[Ocaml-biz] strengths and weaknesses

Brandon J. Van Every vanevery at indiegamedesign.com
Thu Sep 9 03:27:58 PDT 2004


I think we should look at markets that need:

- C/C++ levels of performance.  OCaml is capable here, unlike Java or
C#.  Performance is the main thing that interested me about OCaml as a
game developer.  Other markets could be scientific computation,
simluation, mathematics.  You can probably think of others where
performance matters.

- robust modular scaleup.  *HUGE* software systems, where the advantages
of strong type safety would be most noticeable.  Things that must be
reliable or else the business is in jeopardy, or maybe even people die.
I'm not terribly familiar with such markets, hopefully some of you are.

I'm not sure if OCaml is going to show advantages of type safety unless
the software system is very large.  Small programs seem to get away with
a lot.  There is also the school of thought that stringent unit testing
is what matters, not compiler checks.

I'm concerned, per current discussion on caml-list, that OCaml shows too
many characteristics similar to a segmented memory architecture.  This
is true on 32-bit systems at least.  Things like the 4MB array element
limit are bad.  You're getting faster GC, but you're paying for it by
limiting the chunk size of problems you can deal with.  Someone
expressed hope for the adoption of 64-bit systems.  64-bit would mask
OCaml's weakness in this area, and might be a good market since little
has been done there yet.  On the other hand, few are using it yet.
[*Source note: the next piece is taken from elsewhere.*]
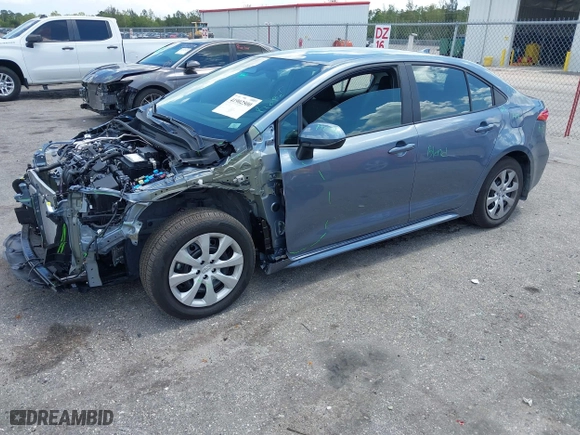 2024 Toyota Corolla LE with VIN 5YFB4MDE0RP226276, listed as a IAAI auction lot 41902500 with 5,908 mi miles. Bid and sale history available at carsss.com. Image 2.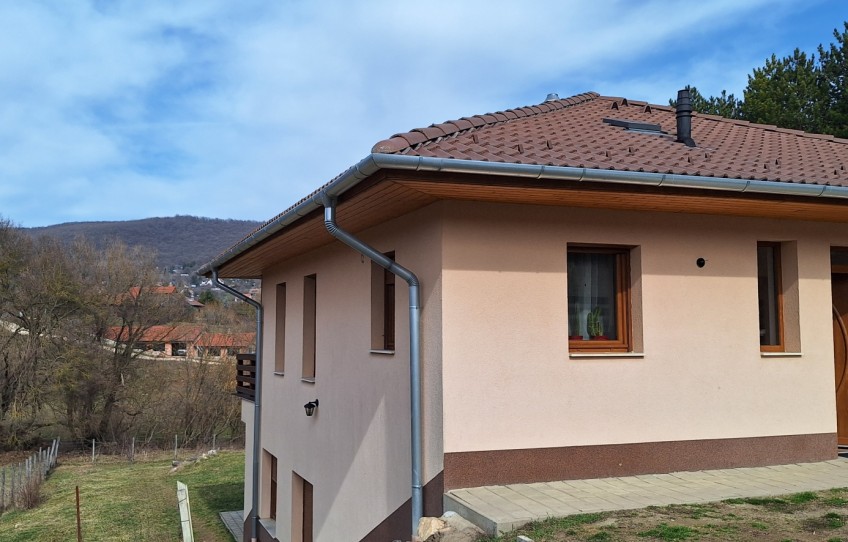 Pilisszentkereszt Eladó Ház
It would be nice to have case studies / success stories about such
issues.  There's some at http://caml.inria.fr/users_programs-eng.html
but these aren't writeups or whitepapers, they're links to projects.
Python has the right idea with http://www.pythonology.com/success .  I
don't think these are marketed as well as they could be, but it's an
awfully good repository of business solutions that have worked, and why
they worked.  If you read all of them, you can definitely come to
conclusions about what Python is and isn't good at.  The weaknesses are
denoted chiefly by what's absent.


Cheers,                     www.indiegamedesign.com
Brandon Van Every           Seattle, WA

OCaml offers superior high level language features,
superior type safety, and performance.